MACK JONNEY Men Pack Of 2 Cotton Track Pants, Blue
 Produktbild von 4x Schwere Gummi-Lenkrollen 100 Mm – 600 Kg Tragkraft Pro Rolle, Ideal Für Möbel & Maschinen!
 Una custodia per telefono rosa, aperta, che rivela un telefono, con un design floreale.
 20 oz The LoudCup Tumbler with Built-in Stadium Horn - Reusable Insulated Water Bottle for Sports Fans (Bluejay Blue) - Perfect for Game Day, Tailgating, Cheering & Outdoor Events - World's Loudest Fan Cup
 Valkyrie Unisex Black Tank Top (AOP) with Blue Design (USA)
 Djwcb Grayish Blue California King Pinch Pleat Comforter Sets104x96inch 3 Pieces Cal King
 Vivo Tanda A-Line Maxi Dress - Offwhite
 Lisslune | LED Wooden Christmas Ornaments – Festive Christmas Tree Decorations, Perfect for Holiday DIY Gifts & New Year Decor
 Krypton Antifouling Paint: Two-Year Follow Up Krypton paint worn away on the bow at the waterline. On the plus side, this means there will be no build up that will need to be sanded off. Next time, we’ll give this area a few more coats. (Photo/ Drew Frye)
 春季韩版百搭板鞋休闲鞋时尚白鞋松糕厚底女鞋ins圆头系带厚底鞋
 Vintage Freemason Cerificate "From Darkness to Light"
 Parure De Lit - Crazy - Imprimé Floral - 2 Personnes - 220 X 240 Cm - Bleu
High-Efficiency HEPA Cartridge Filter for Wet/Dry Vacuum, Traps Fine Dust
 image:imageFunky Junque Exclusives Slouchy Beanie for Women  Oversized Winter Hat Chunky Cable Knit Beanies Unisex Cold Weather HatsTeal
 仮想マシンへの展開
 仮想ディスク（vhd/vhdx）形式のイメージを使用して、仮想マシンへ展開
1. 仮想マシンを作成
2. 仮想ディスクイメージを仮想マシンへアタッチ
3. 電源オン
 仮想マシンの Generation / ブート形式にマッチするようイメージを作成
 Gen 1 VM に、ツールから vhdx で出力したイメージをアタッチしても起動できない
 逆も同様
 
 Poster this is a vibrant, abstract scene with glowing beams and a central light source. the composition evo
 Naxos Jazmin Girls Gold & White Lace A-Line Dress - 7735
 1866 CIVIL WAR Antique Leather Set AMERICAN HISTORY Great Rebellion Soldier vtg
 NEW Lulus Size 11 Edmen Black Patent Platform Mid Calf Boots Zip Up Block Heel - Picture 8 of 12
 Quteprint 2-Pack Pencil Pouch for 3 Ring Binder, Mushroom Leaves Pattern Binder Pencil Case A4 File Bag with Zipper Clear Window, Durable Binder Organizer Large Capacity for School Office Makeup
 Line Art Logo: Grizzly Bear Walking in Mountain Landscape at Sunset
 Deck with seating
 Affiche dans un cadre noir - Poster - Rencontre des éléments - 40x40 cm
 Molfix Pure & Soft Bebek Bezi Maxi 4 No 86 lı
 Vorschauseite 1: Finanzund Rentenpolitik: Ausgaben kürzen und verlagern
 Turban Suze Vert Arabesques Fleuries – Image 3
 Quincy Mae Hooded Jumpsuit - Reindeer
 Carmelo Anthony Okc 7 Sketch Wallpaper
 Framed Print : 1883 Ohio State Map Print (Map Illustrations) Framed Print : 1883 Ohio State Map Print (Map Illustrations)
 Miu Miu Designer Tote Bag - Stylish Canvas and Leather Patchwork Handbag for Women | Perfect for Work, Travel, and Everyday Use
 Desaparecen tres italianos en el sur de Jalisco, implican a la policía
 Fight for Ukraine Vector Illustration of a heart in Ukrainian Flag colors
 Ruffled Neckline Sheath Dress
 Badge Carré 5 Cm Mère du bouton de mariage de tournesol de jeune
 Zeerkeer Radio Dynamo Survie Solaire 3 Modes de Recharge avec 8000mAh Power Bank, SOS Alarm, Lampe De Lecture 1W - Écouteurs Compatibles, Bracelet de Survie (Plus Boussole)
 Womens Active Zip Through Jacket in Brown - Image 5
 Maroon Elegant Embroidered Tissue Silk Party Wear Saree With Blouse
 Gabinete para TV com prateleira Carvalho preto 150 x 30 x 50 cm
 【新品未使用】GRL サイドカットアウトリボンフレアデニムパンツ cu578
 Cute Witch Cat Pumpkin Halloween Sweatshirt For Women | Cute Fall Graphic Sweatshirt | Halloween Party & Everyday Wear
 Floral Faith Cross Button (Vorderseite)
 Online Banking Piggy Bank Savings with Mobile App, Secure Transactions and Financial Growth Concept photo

_ASSIGNMENT:_ Write down exactly every line of the material above up to and including the line containing "Lisslune | LED".

_EXPECTED ANSWER:_
MACK JONNEY Men Pack Of 2 Cotton Track Pants, Blue
 Produktbild von 4x Schwere Gummi-Lenkrollen 100 Mm – 600 Kg Tragkraft Pro Rolle, Ideal Für Möbel & Maschinen!
 Una custodia per telefono rosa, aperta, che rivela un telefono, con un design floreale.
 20 oz The LoudCup Tumbler with Built-in Stadium Horn - Reusable Insulated Water Bottle for Sports Fans (Bluejay Blue) - Perfect for Game Day, Tailgating, Cheering & Outdoor Events - World's Loudest Fan Cup
 Valkyrie Unisex Black Tank Top (AOP) with Blue Design (USA)
 Djwcb Grayish Blue California King Pinch Pleat Comforter Sets104x96inch 3 Pieces Cal King
 Vivo Tanda A-Line Maxi Dress - Offwhite
 Lisslune | LED Wooden Christmas Ornaments – Festive Christmas Tree Decorations, Perfect for Holiday DIY Gifts & New Year Decor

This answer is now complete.